Software requirements

Docker

Install the Docker Engine. docs.docker.com/engine/install/

Ensure that docker is running by entering docker at the command line. The docker manual should print to the terminal screen.

Python 3

  1. Check to see if a version of Python 3 is already installed by running at the command line:

    $ python3 --version

  2. Ensure that you are using a local installation of Python and not a system version. Run:

    $ which python

This should return the path to a local installation and not to a system path (usually /usr/bin/python).

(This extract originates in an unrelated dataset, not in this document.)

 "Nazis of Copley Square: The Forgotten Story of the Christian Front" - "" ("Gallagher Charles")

Using a system installation of python might not give you sufficient permissions to install the required packages.

  1. If a version of Python 3 is not installed, download and install it from python.org/downloads.

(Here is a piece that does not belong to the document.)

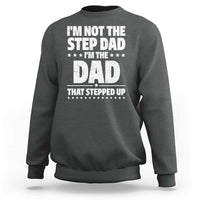 Funny I Am Not The Step Dad I'm The Dad That Stepped Up Sweatshirt Bonus Dad Star Fathers Day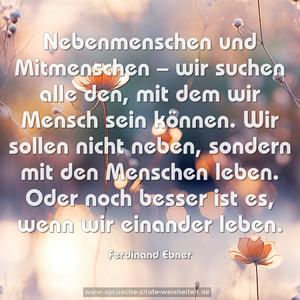 Nebenmenschen und Mitmenschen – wir suchen alle den,
mit dem wir Mensch sein können.
Wir sollen nicht neben,
sondern mit den Menschen leben.
Oder noch besser ist es, wenn wir einander leben.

  2. Update pip before installing cwlref-runner by using the command:

    $ pip install -U pip

CWL-runner

  1. Install the package from PyPi. Enter:

    $ pip install cwlref-runner

  2. Ensure that cwl-runner is in your path. Type:

    $ cwl-runner

  3. If the command is not found, add the install location of the pip packages to $PATH.

    a. Find where cwl ref-runner is installed by entering:

    $ pip show cwlref-runner

    b. Add the above path to $PATH. For example:

    $ export PATH=$PATH:/Library/Frameworks/Python.framework/Versions/3.6/lib/python3

    c. Restart the command line utility.

CWL and YML files

Ensure that you are using the correct CWL files with your pipeline, or the analysis might fail.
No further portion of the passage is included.